A man raised a hand. “I’ll do it.”
Zoë frowned. “Deakins? That you?”
“Sure is, Miz Alleyne.”
“Been a while. You’re with these people? I’d have thought better of you.”
“To be honest, Corp, I’d have thought better of myself. I’ll free him.”
“Don’t you do it, Stuart Deakins,” the man on the platform yelled. “Don’t you dare.”
“Oh, hush your squawking, Toby Finn,” Deakins said. “We’ve heard enough from you. If Zoë Alleyne thinks Mal Reynolds is worth rescuing — and worth putting her own ass on the line for, what’s more — then that settles it as far as I’m concerned. Mal ain’t guilty of what you’re accusing him of. The man deserves to go free.”

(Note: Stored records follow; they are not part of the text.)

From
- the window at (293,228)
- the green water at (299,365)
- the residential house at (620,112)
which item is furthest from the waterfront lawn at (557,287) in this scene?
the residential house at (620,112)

Toby Finn yanked a gun from his holster. “Not another step, Deakins. I’m telling you.”
Jayne swung Vera so that the gaunt little guy, evidently the ringleader of the vigilantes, was lined up in the reticle of his gunsight. “Want I should take him out, Zoë?”
“Not if you don’t have to,” Zoë replied. “But he so much as twitches his trigger finger…”
“Gotcha.”
Stuart Deakins shoulder-barged his way through the sullen crowd and knelt beside Mal. Mal lay so still that Zoë thought he must be dead. After all this, had everything been in vain? She choked back the fear. Mal was okay. Surely he was okay.
Deakins untied the noose, then rolled Mal over onto his back. Someone else Zoë recognized, David Zuburi, joined him. Together the two men conferred, then Deakins began to administer CPR to Mal, alternately pumping his chest and blowing into his mouth.
Zoë watched, her grip on the detonator switch growing slick.